## What the task asks:
Beginning with the line of the entries below that holds "2018-dodge-ram-5500-image-1" and ending with the line that holds "Naut Retreat, The", transcribe each line exactly as written. Pictures stay out.

START Available data

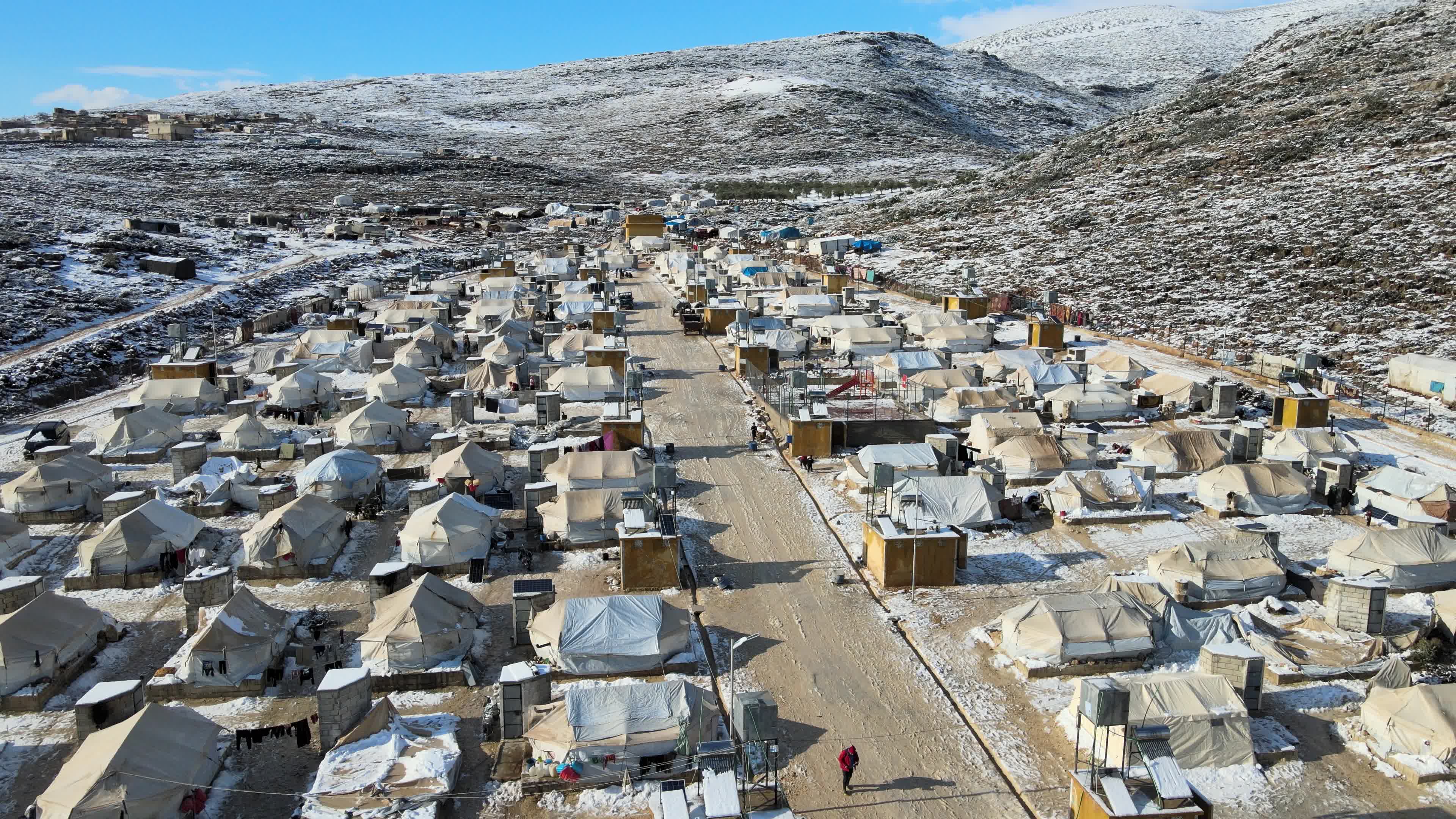 Snow storm hits refugee camps in northern Syria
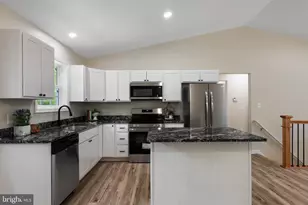 358 Dawn Ln, Harpers Ferry, WV 25425 - Photo 6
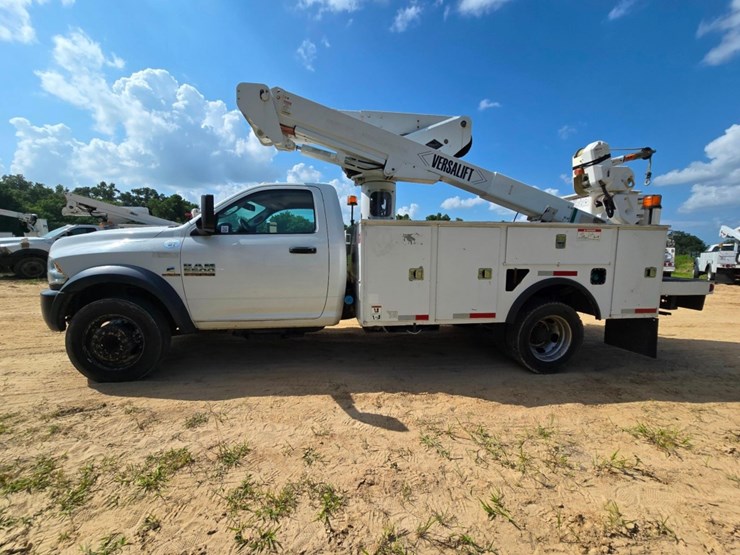 2018-dodge-ram-5500-image-1
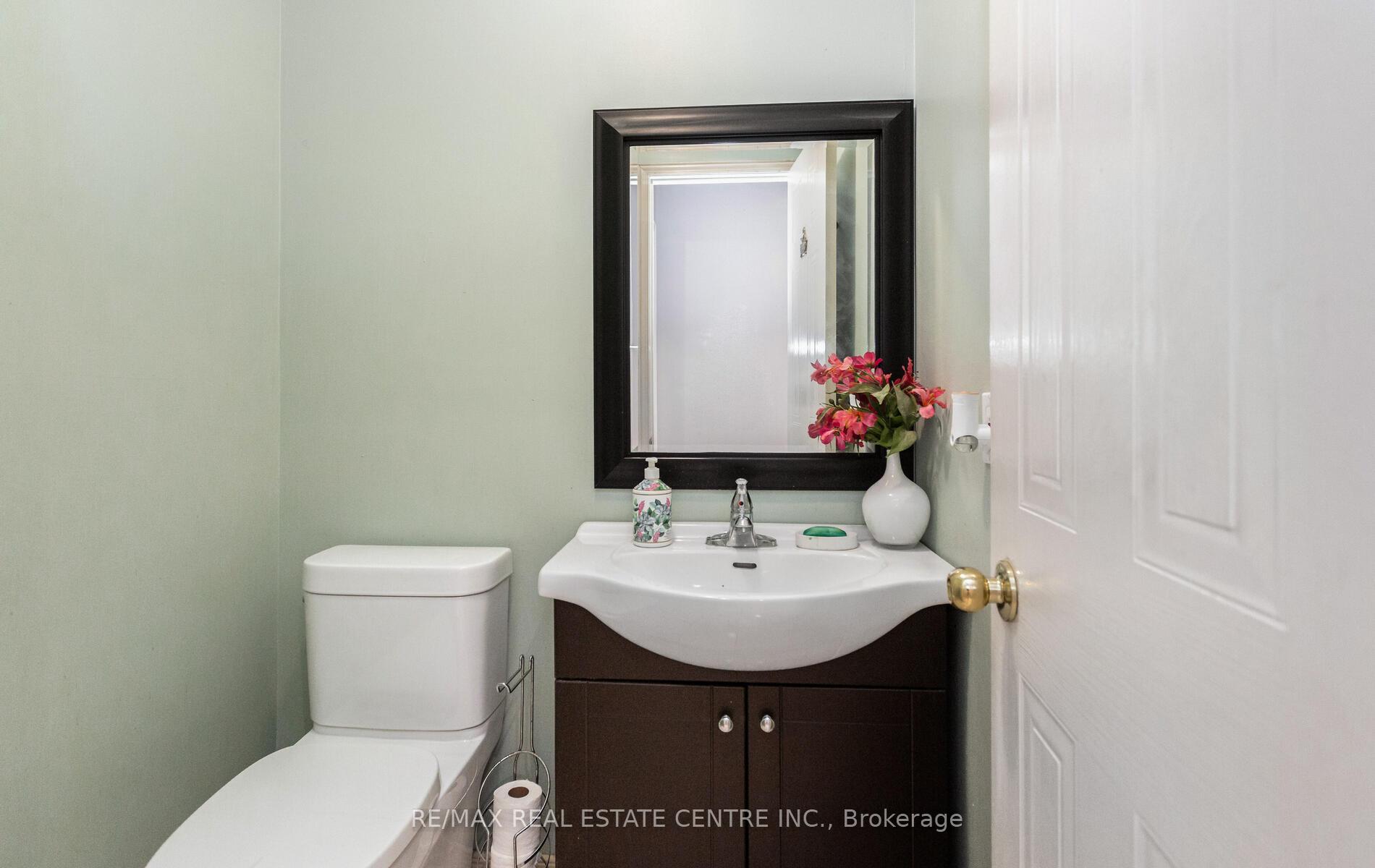 Photo 22 of 34 Corkett Drive S, Brampton, Northwood Park — HOMEH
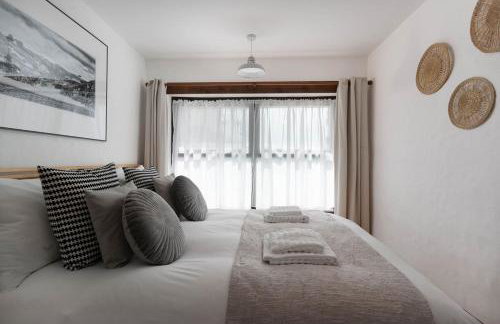 Naut Retreat, The Big Barn - Spacious & cosy cottage, walk to Porthcurno beach, Pedn Vouder & Minack Theatre - Photo 40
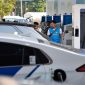 Petugas PLN membantu melakukan pengisian ulang tenaga listrik pada mobil listrik di Stasiun Pengisian Kendaraan Listrik Umum (SPKLU) atau EV Charging Station di Istora Senayan, Jakarta, Sabtu (2/9/2023). Sebanyak 79 alat pengisian tenaga kendaraan listrik. Foto: Istimewa 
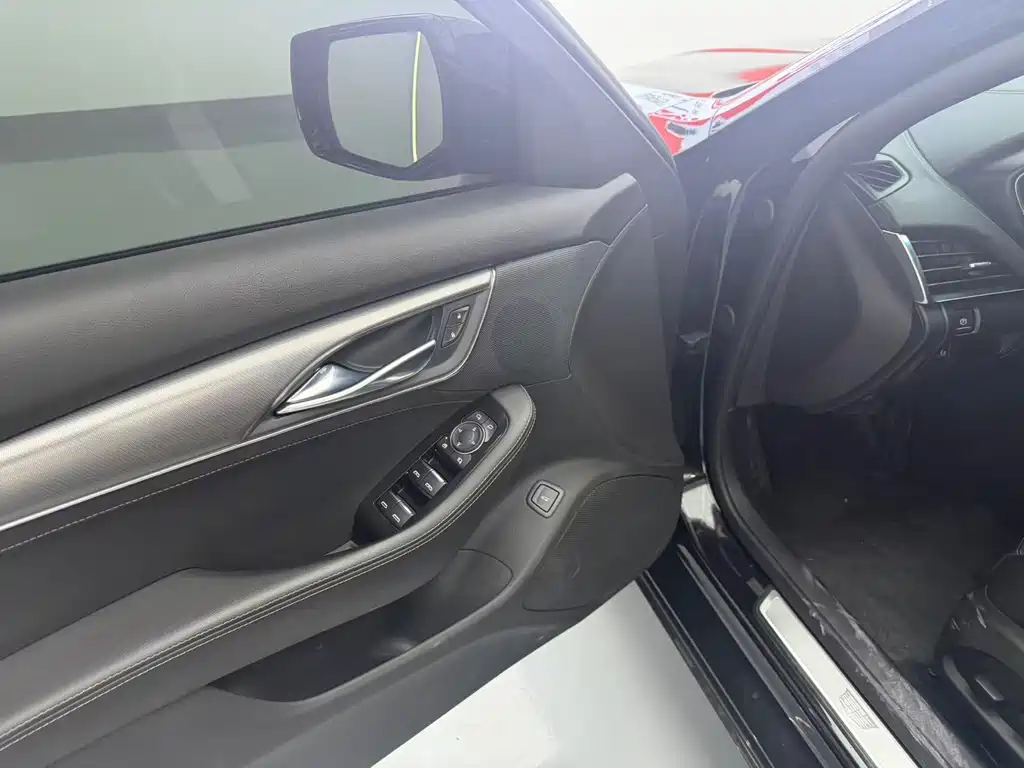 Cadillac CT5 — миниатюра 4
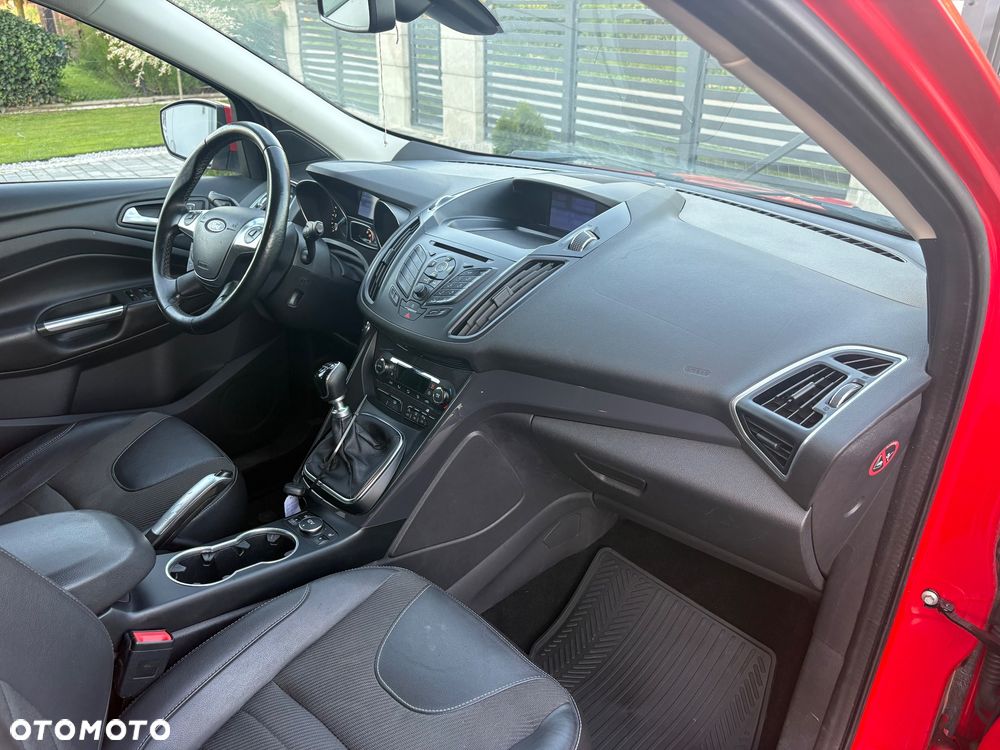 Ford Kuga 2.0 TDCi 2x4 Titanium - 9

END Available data

## Result of the exercise:
 2018-dodge-ram-5500-image-1
 Photo 22 of 34 Corkett Drive S, Brampton, Northwood Park — HOMEH
 Naut Retreat, The Big Barn - Spacious & cosy cottage, walk to Porthcurno beach, Pedn Vouder & Minack Theatre - Photo 40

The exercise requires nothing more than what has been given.